New Zealand has now adopted a strategy around oil exploration. This is a good thing, a positive first step in utilising natural resources for wealth growth. However, there is more to the value proposition from oil than just exploration and the export of crude oil. Rich countries make most money out of value adding and leveraging not just the raw commodity but industry around that resource.
While a strategy around exploration and extraction is a good start, the strategy needs to continue to the refinement of the raw resources in to high tech products. Oil is certainly a valuable commodity. Countries that produce oil still tend to be near the upper half of the GDP per capita rankings but, if history can be relied on to repeat, previously valuable commodities fall down the relative value stakes as they become more and more commoditised.

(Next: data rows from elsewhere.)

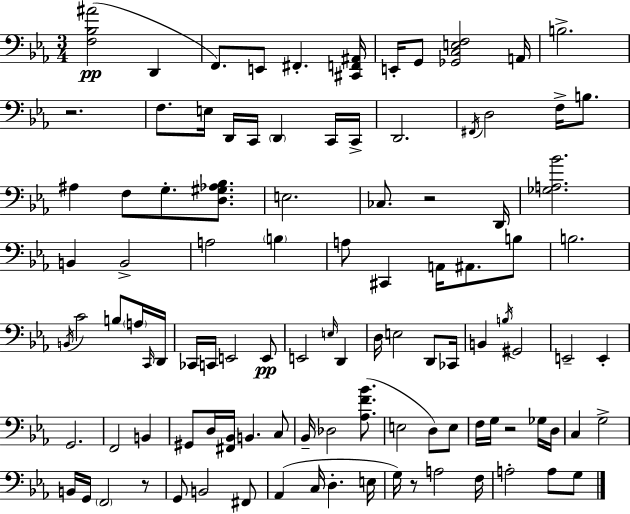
X:1
T:Untitled
M:3/4
L:1/4
K:Cm
[F,_B,^A]2 D,, F,,/2 E,,/2 ^F,, [^C,,F,,^A,,]/4 E,,/4 G,,/2 [_G,,C,E,F,]2 A,,/4 B,2 z2 F,/2 E,/4 D,,/4 C,,/4 D,, C,,/4 C,,/4 D,,2 ^F,,/4 D,2 F,/4 B,/2 ^A, F,/2 G,/2 [D,^G,_A,_B,]/2 E,2 _C,/2 z2 D,,/4 [_G,A,_B]2 B,, B,,2 A,2 B, A,/2 ^C,, A,,/4 ^A,,/2 B,/2 B,2 B,,/4 C2 B,/2 A,/4 C,,/4 D,,/4 _C,,/4 C,,/4 E,,2 E,,/2 E,,2 E,/4 D,, D,/4 E,2 D,,/2 _C,,/4 B,, B,/4 ^G,,2 E,,2 E,, G,,2 F,,2 B,, ^G,,/2 D,/4 [^F,,_B,,]/4 B,, C,/2 _B,,/4 _D,2 [_A,F_B]/2 E,2 D,/2 E,/2 F,/4 G,/4 z2 _G,/4 D,/4 C, G,2 B,,/4 G,,/4 F,,2 z/2 G,,/2 B,,2 ^F,,/2 _A,, C,/4 D, E,/4 G,/4 z/2 A,2 F,/4 A,2 A,/2 G,/2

A strategic goal of exporting, in the order of, $60 billion of oil over the 15 or so years is a big economic boost to new Zealand. However, this is nothing like the increase that could be created by moving steadily into refined petroleum products, petrochemicals, plastics & material manufacturing and high-tech products.
Now, this is not easy, but it is a truism that nothing worth having ever is. It is also easy to believe that little New Zealand can't compete in the high tech space. This is possibly true but not trying is tantamount to saying that we wish to, effectively, drop out of the OECD; certainly in terms of GDP (and income) per capita.

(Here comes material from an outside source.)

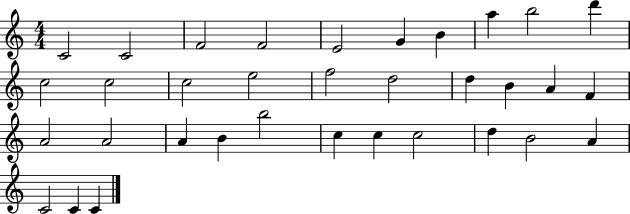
C4/h C4/h F4/h F4/h E4/h G4/q B4/q A5/q B5/h D6/q C5/h C5/h C5/h E5/h F5/h D5/h D5/q B4/q A4/q F4/q A4/h A4/h A4/q B4/q B5/h C5/q C5/q C5/h D5/q B4/h A4/q C4/h C4/q C4/q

New Zealand seems to be able to perform at least 'at its weight' in terms of technical capability. With our historical association with agriculture we seem to hold our own in high tech food processing. We also seem to do quite well in terms of machinery manufacturing, especially when we don't have a wealth of mineral resources to leverage off (compared to Australia, for example). Not having the natural commodities doesn't have to mean that you can't develop technical dominance (a la Japan) but, generally, having the resource creates the opportunity to leverage technical expertise around that resource.
We actually already have creative businesses in the high tech space; they're just quite small at the moment. If New Zealand can now expand its oil and gas strategy to derive technically excellent products from it (which will also have energy policy implications) and connect with an already innovative, but small, local entrepreneurial base then maybe we will see some impressive gains in productivity. This would also provide a far more positive incentive to not spend money on property, although playing around with taxes is probably easier than a transformational strategy.